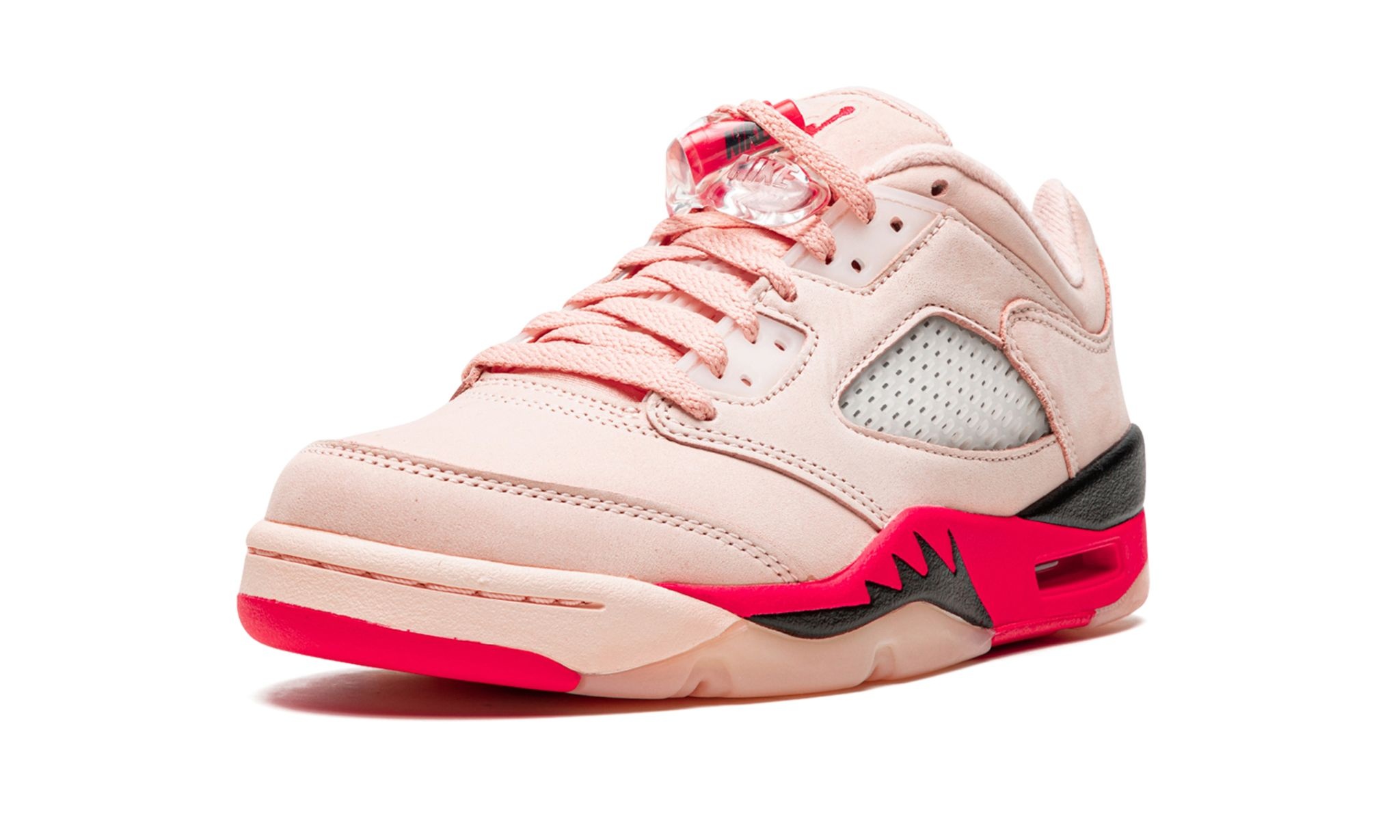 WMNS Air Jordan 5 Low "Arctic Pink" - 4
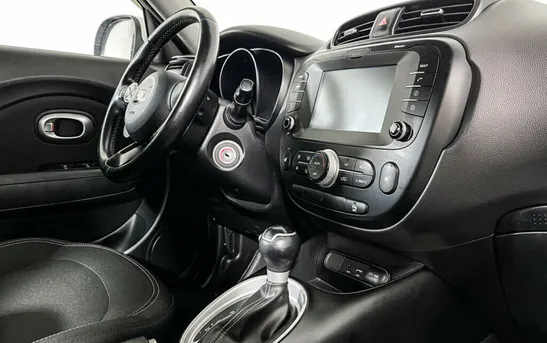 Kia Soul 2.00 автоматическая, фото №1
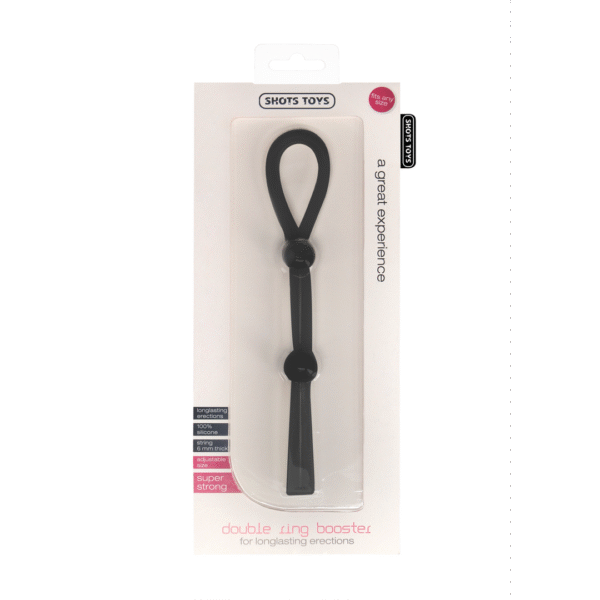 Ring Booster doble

**Task goal**
Once the pictures are set aside, repeat the data above exactly.

**Written solution**
 WMNS Air Jordan 5 Low "Arctic Pink" - 4
 Kia Soul 2.00 автоматическая, фото №1
 Ring Booster doble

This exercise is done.